Disadvantage of Cook-Toom algorithm

66 Views Asked by At
1

There are 1 best solutions below

0
On

Since this question originated from another one of your questions, I assume that you are talking about usage of Toom-Cook algorithm in generic convolution instead of integer multiplication.

As summarized by the Wikipedia article Toom-Cook multiplication, the algorithm consists of the following steps:

  1. Splitting
  2. Evaluation
  3. Pointwise multiplication
  4. Interpolation
  5. Recomposition

For generic convolution, the recomposition step is not needed so there are only 4 steps. Now, the problem with Toom-Cook algorithm is with step 2 and step 4, which involves the pseudo-Vandermonde matrix. The article uses Toom-3 as example, for which the evaluation matrix looks like this $$ \begin{pmatrix} 1 & 0 & 0 \\ 1 & 1 & 1 \\ 1 & -1 & 1 \\ 1 & -2 & 4 \\ 0 & 0 & 1 \\ \end{pmatrix} $$ This comes from evaluating the polynomial $p(x)=m_0 + m_1x + m_2x^2$ at five different values $p(0)$, $p(1)$, $p(-1)$, $p(-2)$, $p(\infty)$. The interpolation uses the following matrix inversion

$$ \begin{pmatrix} 1 & 0 & 0 & 0 & 0\\ 1 & 1 & 1 & 1 & 1\\ 1 & -1 & 1 & -1 & 1\\ 1 & -2 & 4 & -8 & 16\\ 0 & 0 & 0 & 0 & 1 \\ \end{pmatrix}^{-1}=\begin{pmatrix} 1 & 0 & 0 & 0 & 0\\ {1\over2} & {1\over3} & -1 & {1\over6} & -2\\ -1 & {1\over2} & {1\over2} & 0 & -1\\ -{1\over2} & {1\over6} & {1\over2} & {-1\over6} & 2\\ 0 & 0 & 0 & 0 & 1 \\ \end{pmatrix} $$

Now, supposedly Toom-3's advantage is that in reduce 9 multiplications to 5. Indeed, there are only five multiplications in step 3. But what is not mentioned is the multiplications that crop up in step 2 and 4. In step 2 though, one can be careful to choose to evaluate at $x=2^k$ for any integer $k$, so that the multiplications can be carried out using bit-shifts. But in step 4, multiplication (or division) with non-powers of 2 is unavoidable. A naive multiplication with the inverted matrix will require at least 4 multiplications (for the ones involving $1/3$ and $1/6$). Following Bodrato's sequence as suggested by the article will require only 1 extra multiplication instead of 4.

The inverted matrix for Toom-3 already looks complicated enough. The matrix for higher-order Toom-Cook will look even worse. In Toom-$k$, the theoretical reduction for multiplication count is $2k-1$ reduced to $k$, but in practice it will require more than $k$ multiplications even if you have an optimal interpolation sequence like Bodrato's.

Another downside is the loss of accuracy.
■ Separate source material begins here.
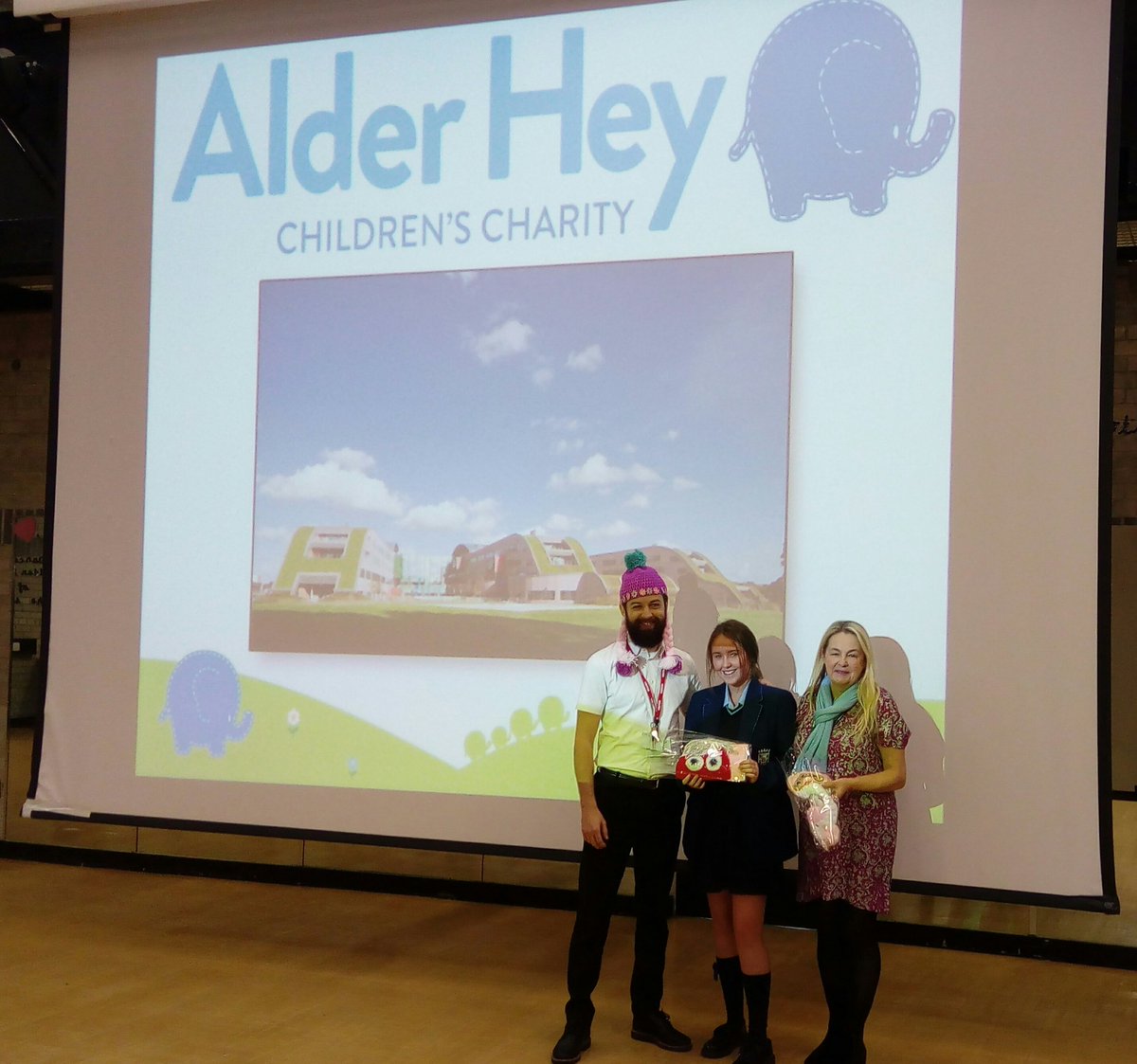 BHCHS_Chaplain's tweet photo. It was great to have @adixonAlderHey and @wigzeewoo in @broughtonhall Y11 Assembly this morning to pass on the wigs we made for @AlderHey in the Summer! It's so lovely to see how the girls hard work will make a difference to children's lives #makemercyreal https://t.co/rCi6CIc0Pn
As you use larger $k$, the the size of bit-shifts will also increase. This is because you need to evaluate at larger points $p(\pm2^{j})$ where $j<k-1$, and also because the degree of the polynomial becomes larger. With the increasing bit-shift amount, the intermediate numbers involved lose precision, so the final result is also less accurate.